The iPhone “awareness indicator” is also described as “a curious beast” by University of California, Irvine’s professor Paul Dourish, who studies the intersection of technology and society; “it conveys that something is being done, but it won’t say what.” The curiosity in this build-up of online communication gives way to a power over us that we simply can’t avoid, as long as we keep texting. Bennett brings us back to the roots of typing awareness starting in the 1990s, reminding us of the old AOL Buddy List that alerted us simply when a friend signed on or off. When, nowadays, with the multi-faceted ways to contact someone, there really is no such thing as being “offline.” Sure your phone can die, you can leave it at home, or not have access to the Internet – but in more cases than not, there is often some way to reach someone. Blackberry was the first big company to bring in the “delivered, “read, and ”so and so is typing” with BBM (Blackberry Messenger). Two years after this, Apple introduced the iPhone with SMS and four years after that, iMessage, which completely shifted all aspects of messaging and online communication.

Bennett highlights the many forms of text-bubble anxiety, that I see extremely relevant to everyday activity in both the online and offline society today, stating:

  1. Text bubble of the highly charged emotional conversation (also known “Aaaah, this next could dictate everything!”)
  2. The giving-away-too-much-without-actually-saying-anything pause, when you start to type and then decide to edit your response.
  3. The times when the iPhone has actually malfunctioned and you have just worked yourself into a rage for no reason, or the times you blindly convince yourself that it has.
  4. The text you want to pretend you haven’t read yet – but then find that your pocket has pressed against the cursor, which is now in the response tab and, damn, now he knows that you’ve seen it and your whole plan is foiled.
  5. When “Sometimes I don’t want someone – O.K., likely a boy – to know I’m taking so long to write a text that I start a brand-new blank text and then copy and paste it in the original chain,” said by a New York public relations manager named Laura Barganier.

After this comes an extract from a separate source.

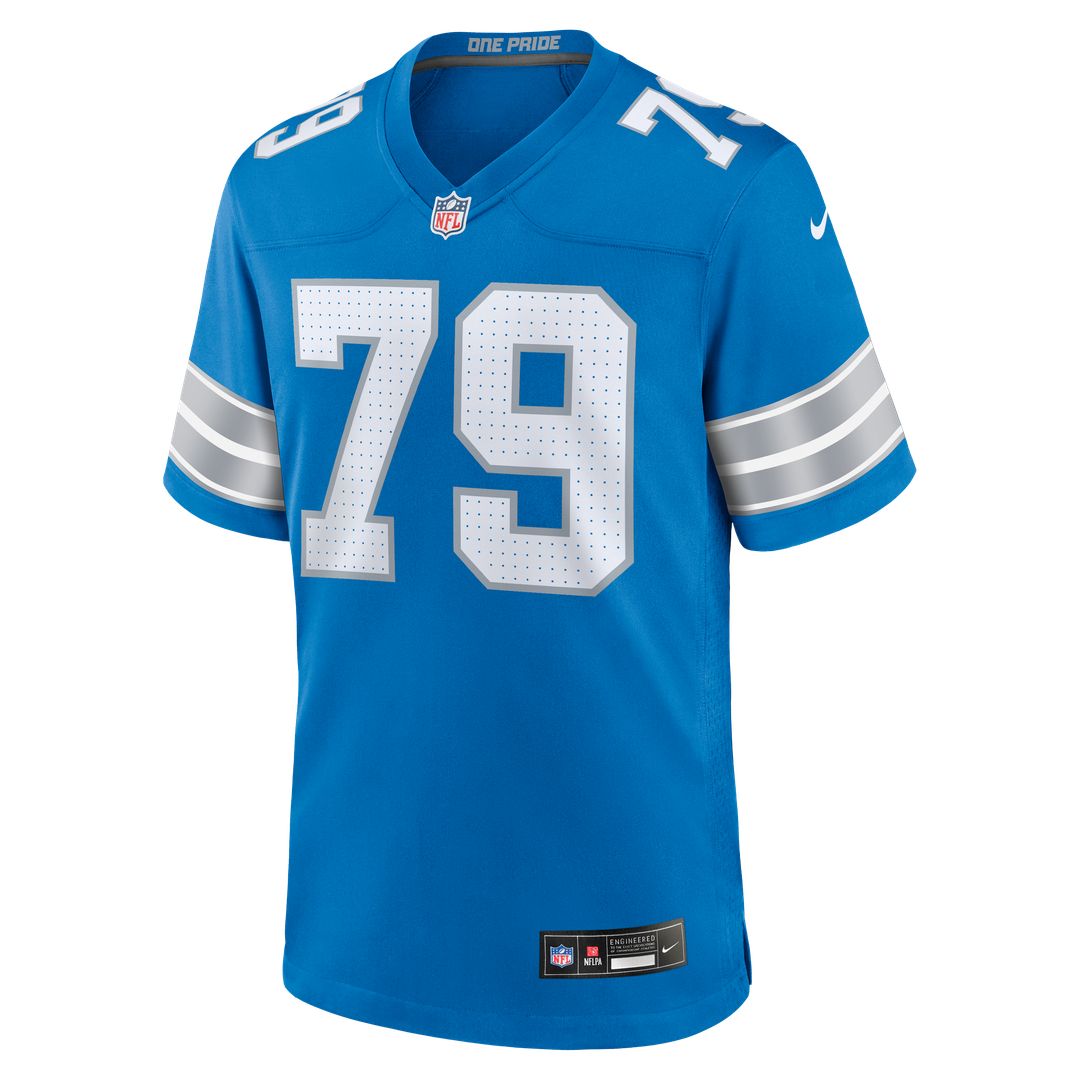 Detroit Lions Larry Borom Nike Blue Team Game Jersey product image 2, provided for visual reference and product detail review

Text message now comes with a sort of etiquacy in online communication, causing an undesirable amount of anxiety in texting situations/predicaments we find ourselves in everyday. After stating her first form of text-bubble anxiety – the “Aaaah, this next could dictate everything!” – Bennett states, “really shouldn’t be happening over text message in the first place but is because, well, that’s the way we communicate these days.” Her remark is completely true, which emphasizes the power of a text message (full of text-bubble anxiety) being that the outcome can be the all-end make or break in a conversation, or even in a relationship.